DATA SHOWN

--

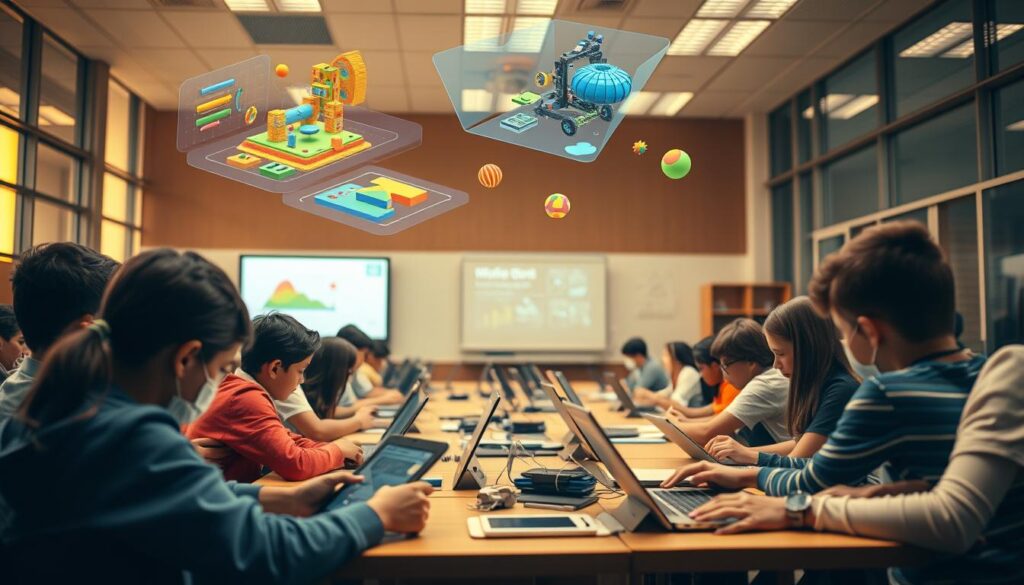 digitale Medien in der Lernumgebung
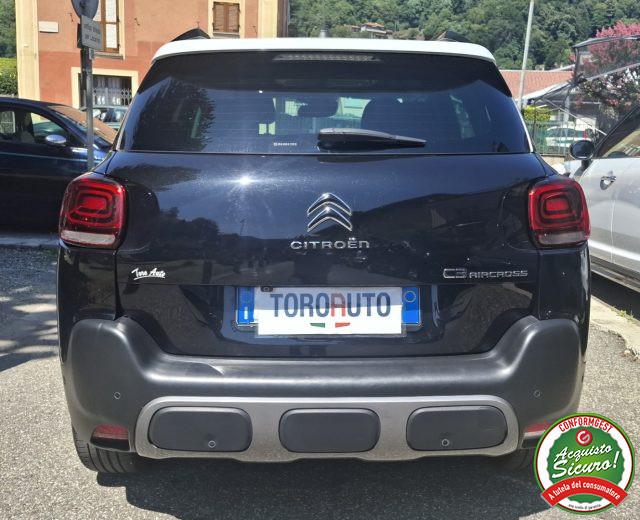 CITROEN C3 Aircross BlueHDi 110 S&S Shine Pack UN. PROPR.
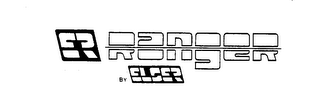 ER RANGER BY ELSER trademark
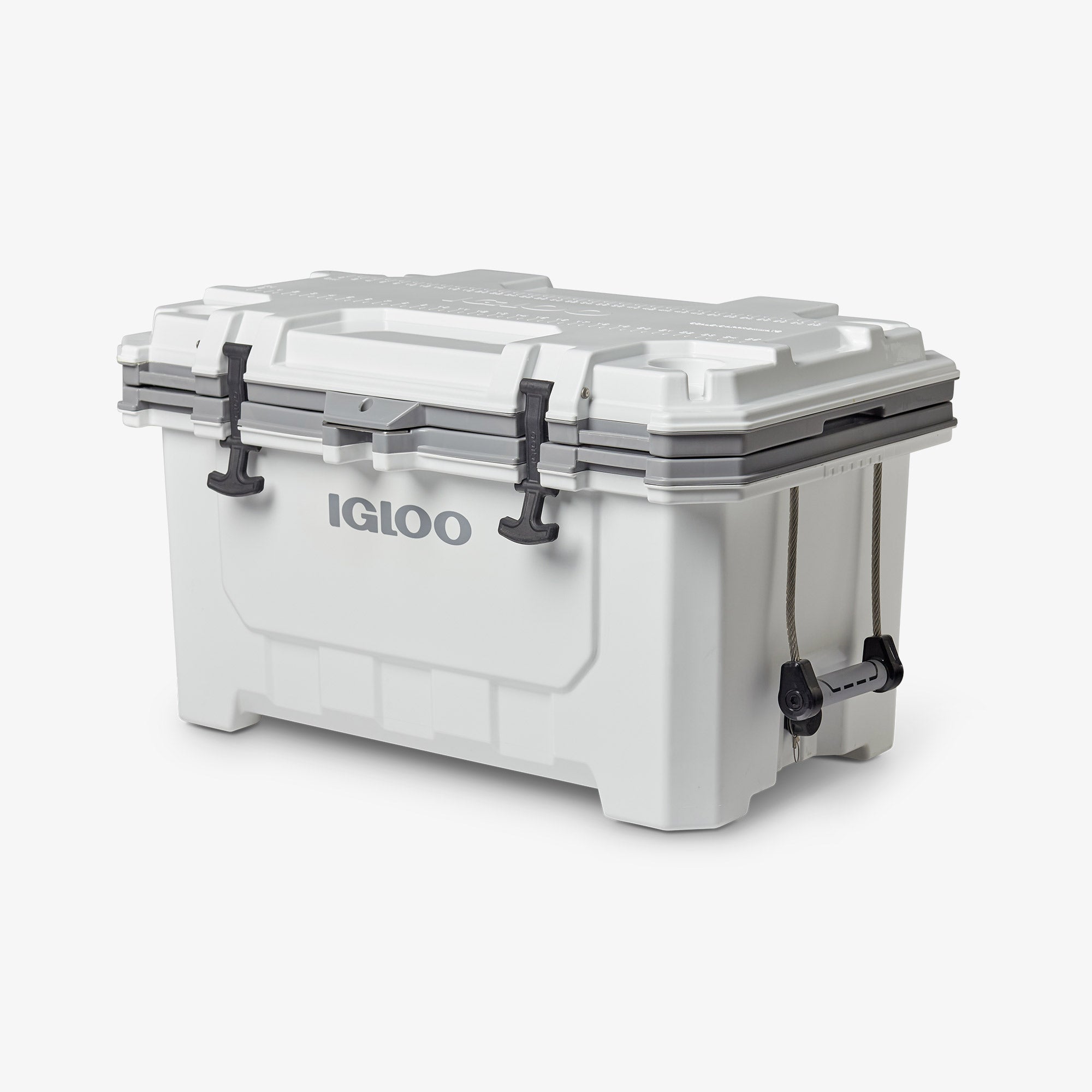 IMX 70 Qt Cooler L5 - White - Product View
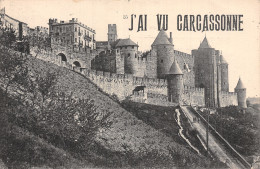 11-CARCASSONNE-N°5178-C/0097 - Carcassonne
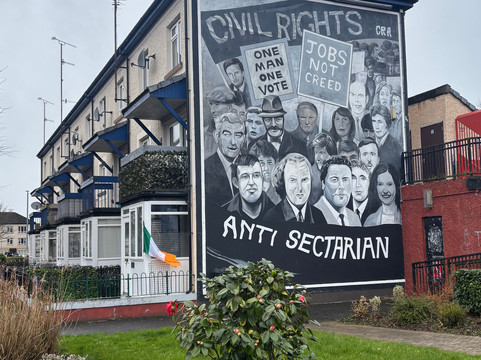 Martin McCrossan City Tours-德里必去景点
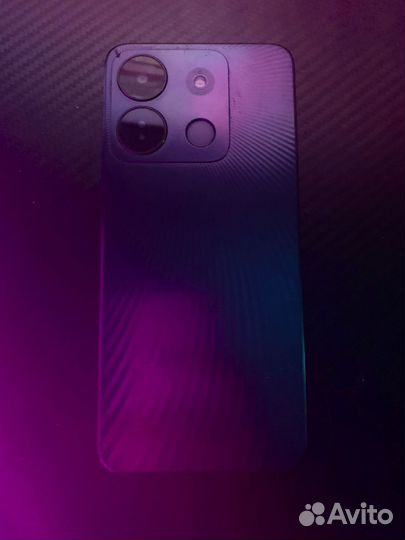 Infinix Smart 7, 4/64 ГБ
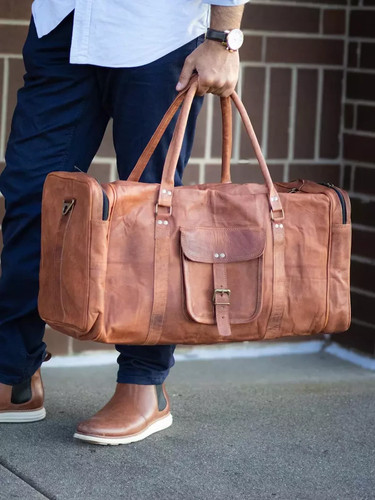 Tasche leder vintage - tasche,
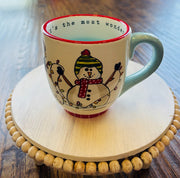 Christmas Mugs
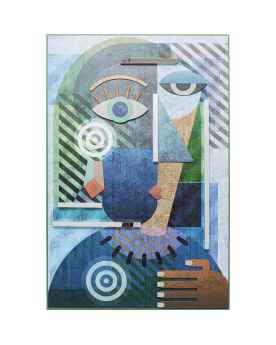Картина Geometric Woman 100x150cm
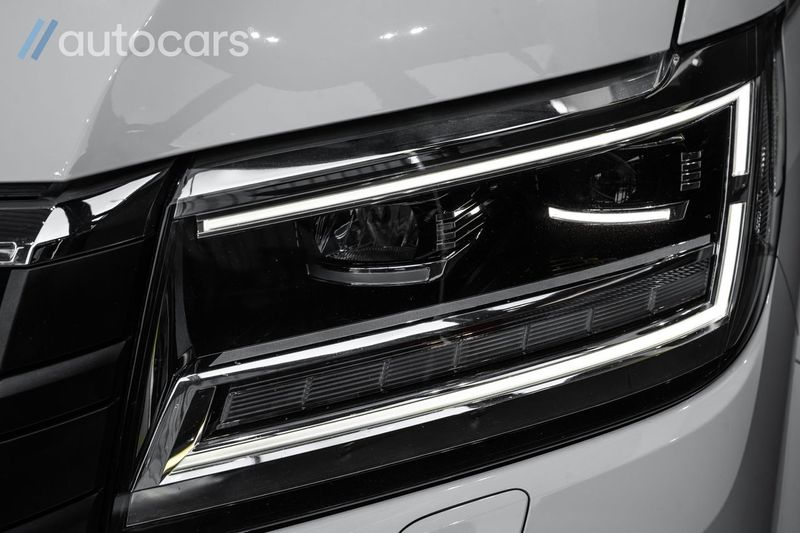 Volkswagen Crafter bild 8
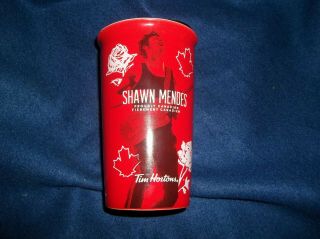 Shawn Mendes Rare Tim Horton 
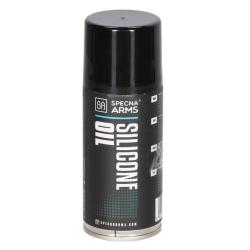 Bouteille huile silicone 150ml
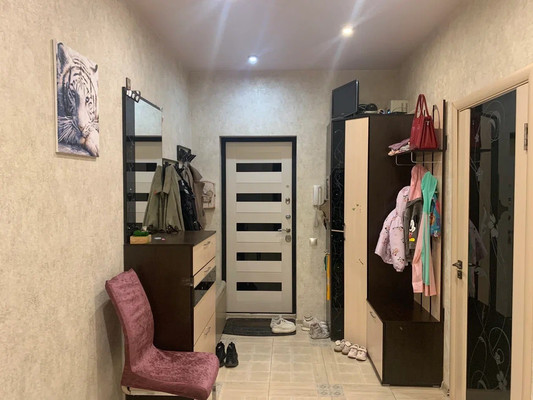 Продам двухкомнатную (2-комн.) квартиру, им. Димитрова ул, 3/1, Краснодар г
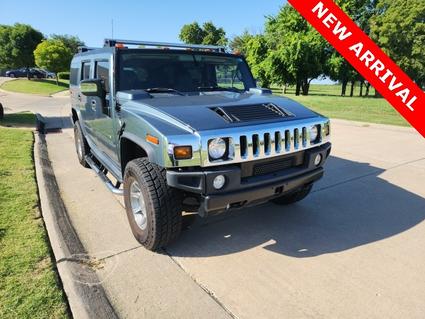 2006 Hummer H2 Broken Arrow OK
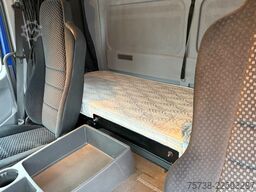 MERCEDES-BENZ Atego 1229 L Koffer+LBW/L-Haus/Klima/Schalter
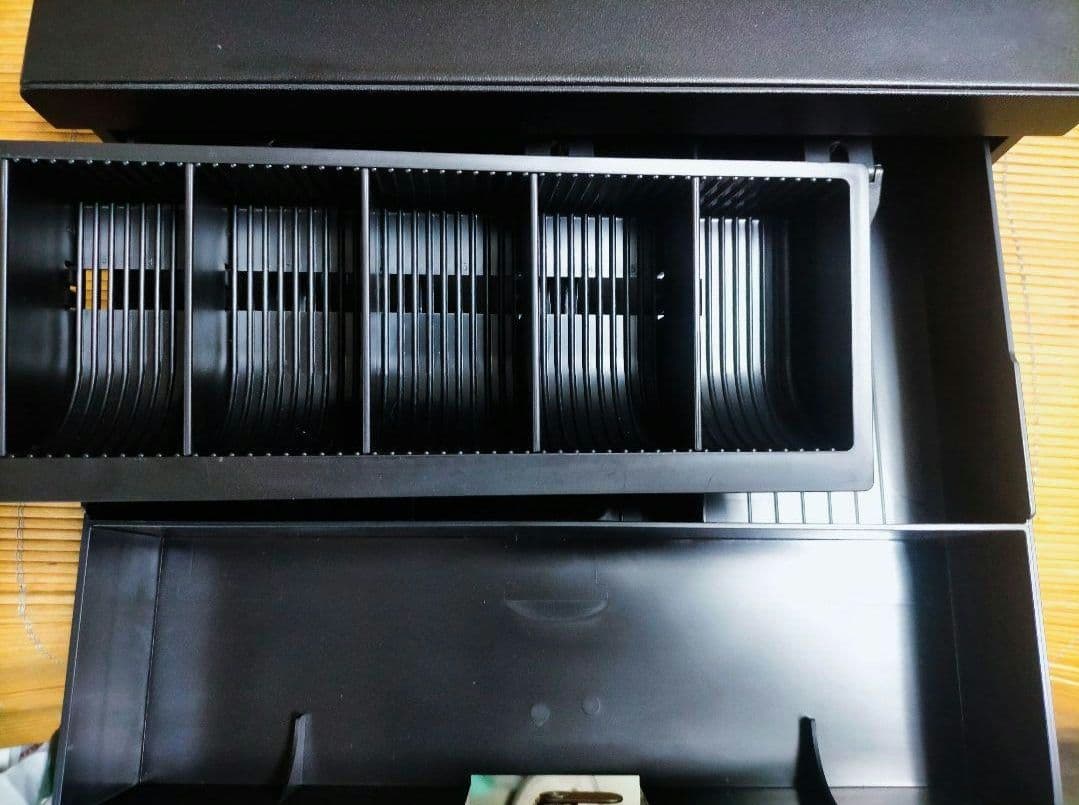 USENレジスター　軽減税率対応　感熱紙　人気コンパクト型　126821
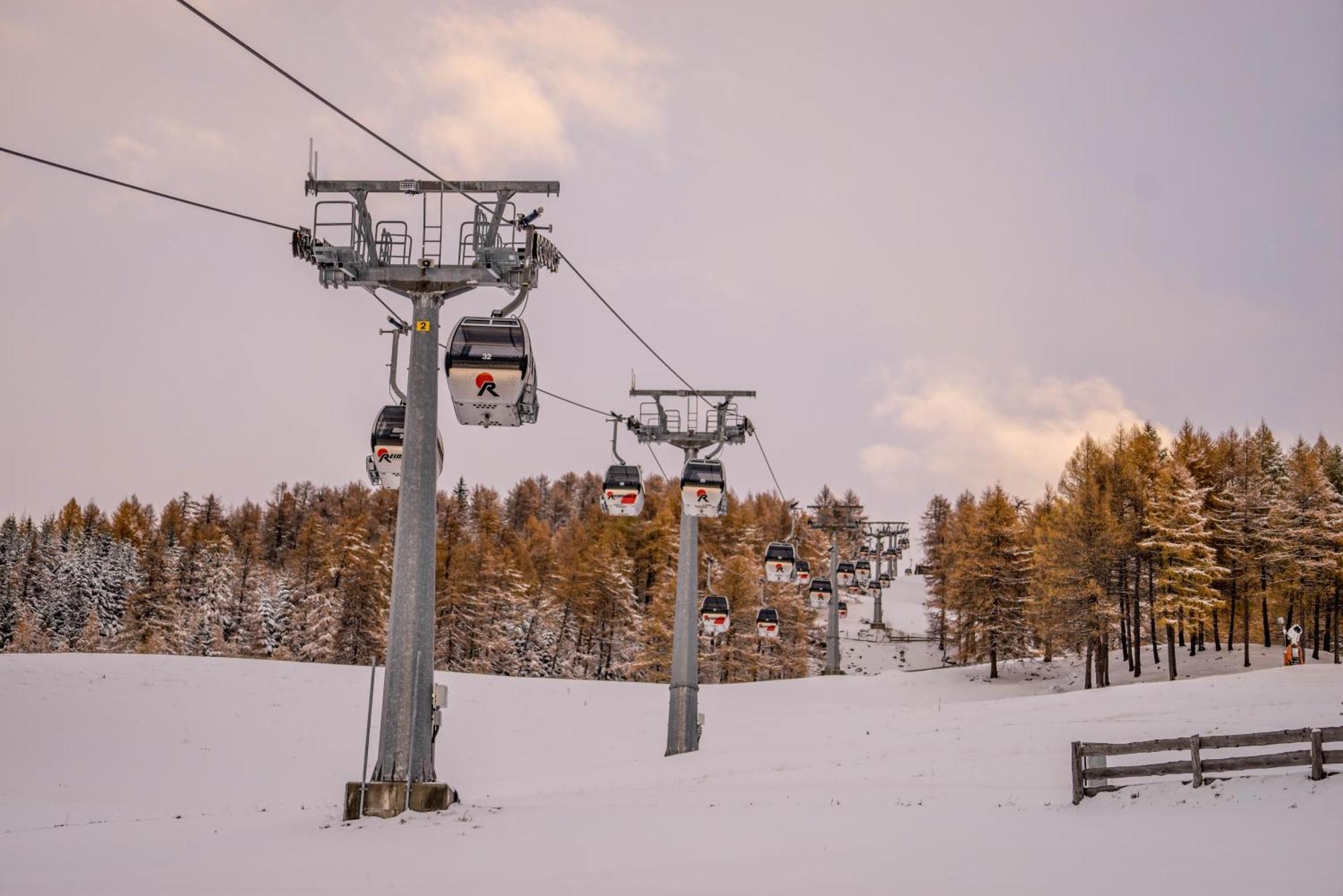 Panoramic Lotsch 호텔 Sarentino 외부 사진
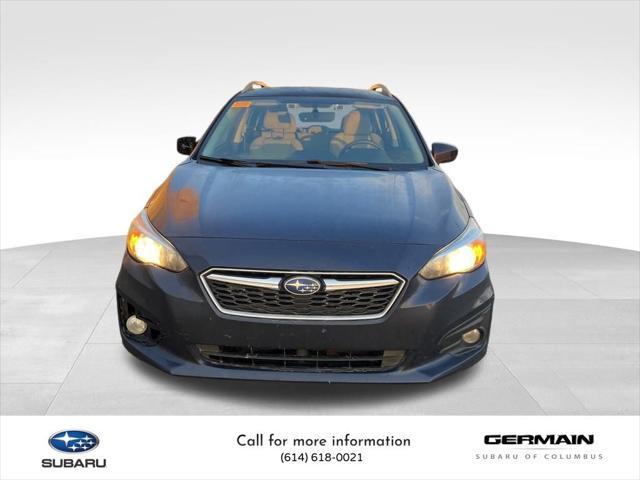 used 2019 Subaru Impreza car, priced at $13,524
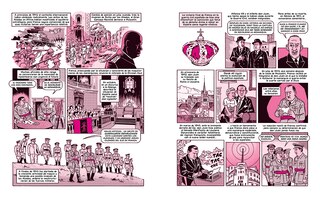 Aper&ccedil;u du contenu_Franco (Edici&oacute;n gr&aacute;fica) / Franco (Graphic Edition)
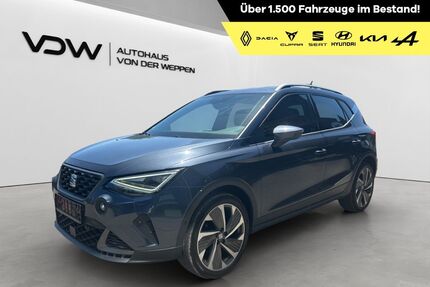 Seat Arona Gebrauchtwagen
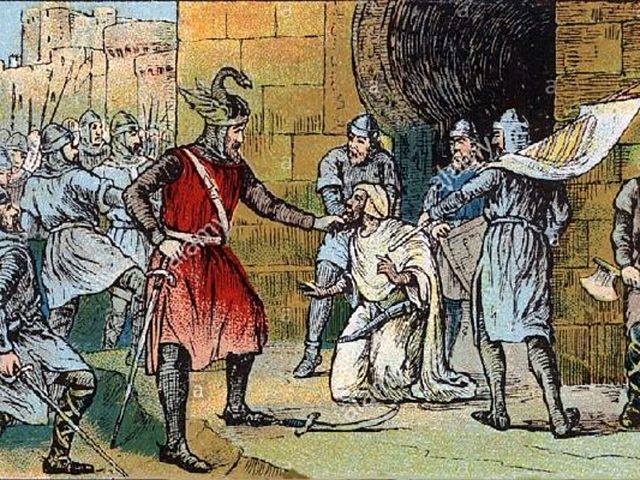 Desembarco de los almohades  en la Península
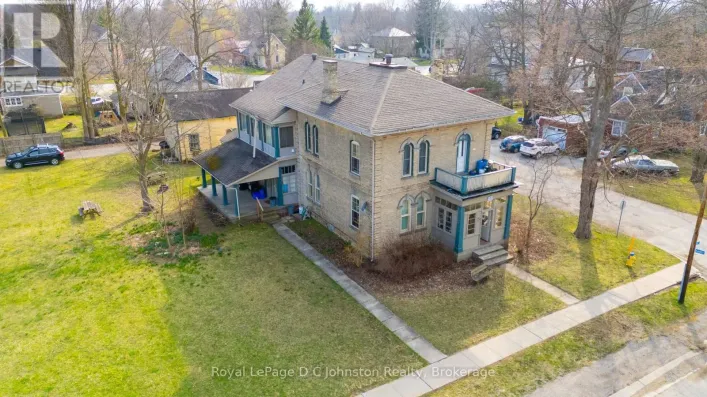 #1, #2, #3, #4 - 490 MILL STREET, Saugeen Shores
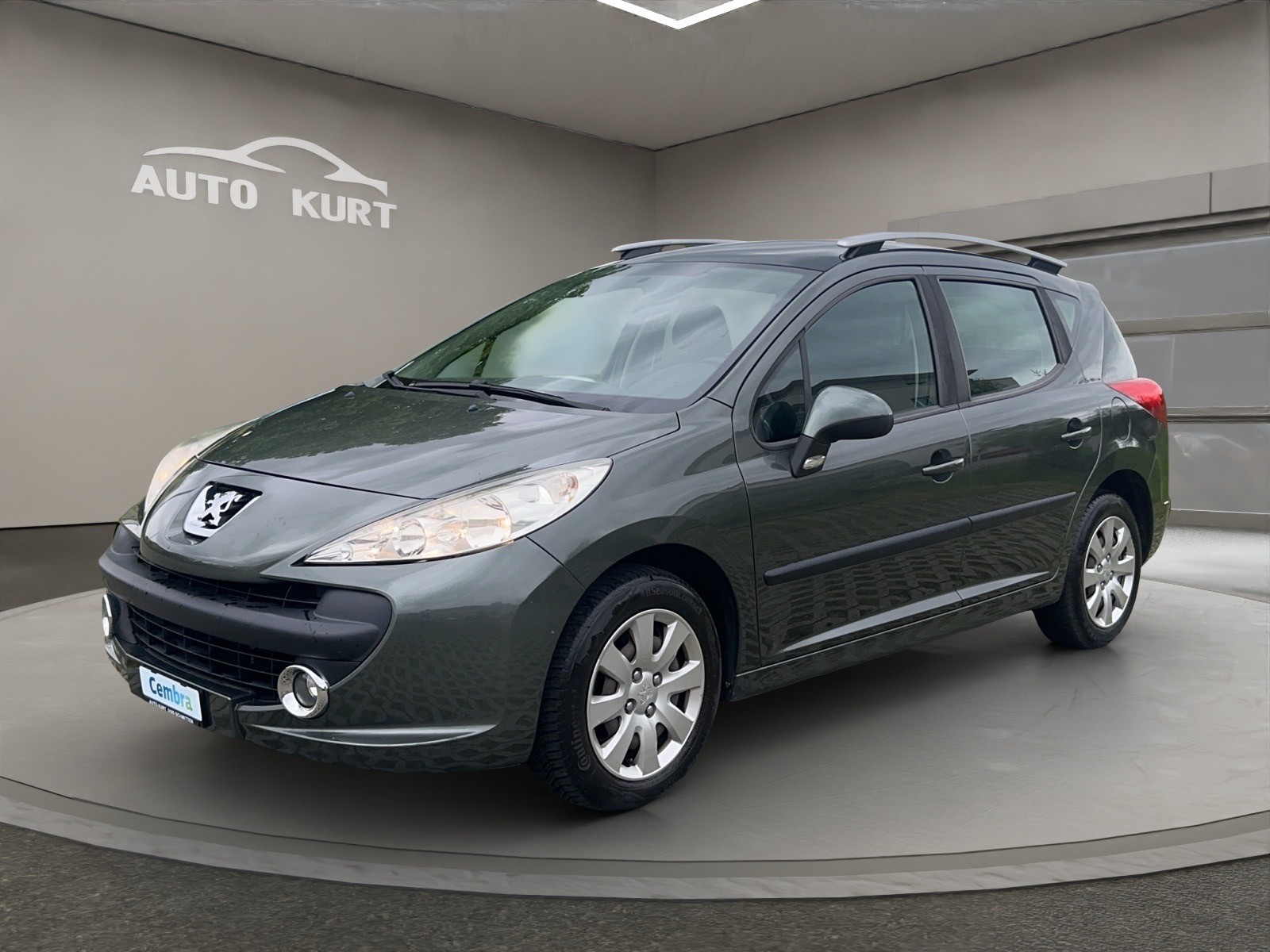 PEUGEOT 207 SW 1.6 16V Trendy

--

TASK TO COMPLETE
Transcribe exactly the line containing "Tasche leder vintage" and every line after it through the end of the listing above; pictures are not part of the copy.

EXERCISE RESULT
 Tasche leder vintage - tasche,
 Christmas Mugs
Картина Geometric Woman 100x150cm
 Volkswagen Crafter bild 8
 Shawn Mendes Rare Tim Horton 
 Bouteille huile silicone 150ml
 Продам двухкомнатную (2-комн.) квартиру, им. Димитрова ул, 3/1, Краснодар г
 2006 Hummer H2 Broken Arrow OK
 MERCEDES-BENZ Atego 1229 L Koffer+LBW/L-Haus/Klima/Schalter
 USENレジスター　軽減税率対応　感熱紙　人気コンパクト型　126821
 Panoramic Lotsch 호텔 Sarentino 외부 사진
 used 2019 Subaru Impreza car, priced at $13,524
 Aper&ccedil;u du contenu_Franco (Edici&oacute;n gr&aacute;fica) / Franco (Graphic Edition)
 Seat Arona Gebrauchtwagen
 Desembarco de los almohades  en la Península
 #1, #2, #3, #4 - 490 MILL STREET, Saugeen Shores
 PEUGEOT 207 SW 1.6 16V Trendy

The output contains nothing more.